*** SOURCE DATA Section Begins ***

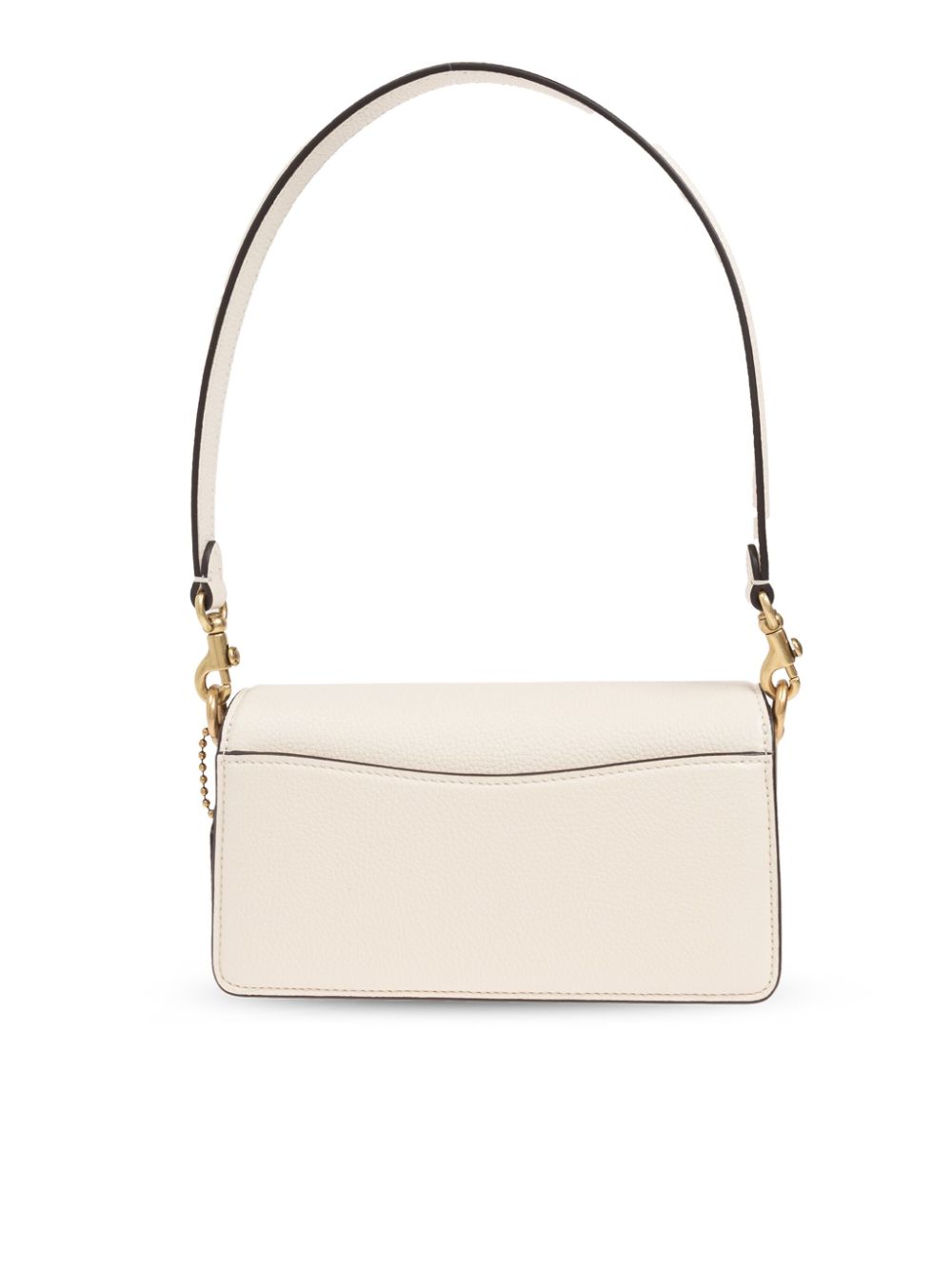 Coach Tabby 20 White Leather Shoulder Bag White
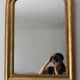 Louis Philippe old mirror dated 1896 59x80cm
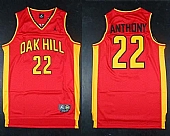 New York Knicks #22 Carmelo Anthony Red Oak Hill Academy High School Stitched NBA Jersey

*** SOURCE DATA Section Ends ***

Copy out the listing above in full and keep the pictures out.

 Coach Tabby 20 White Leather Shoulder Bag White
 Louis Philippe old mirror dated 1896 59x80cm
 New York Knicks #22 Carmelo Anthony Red Oak Hill Academy High School Stitched NBA Jersey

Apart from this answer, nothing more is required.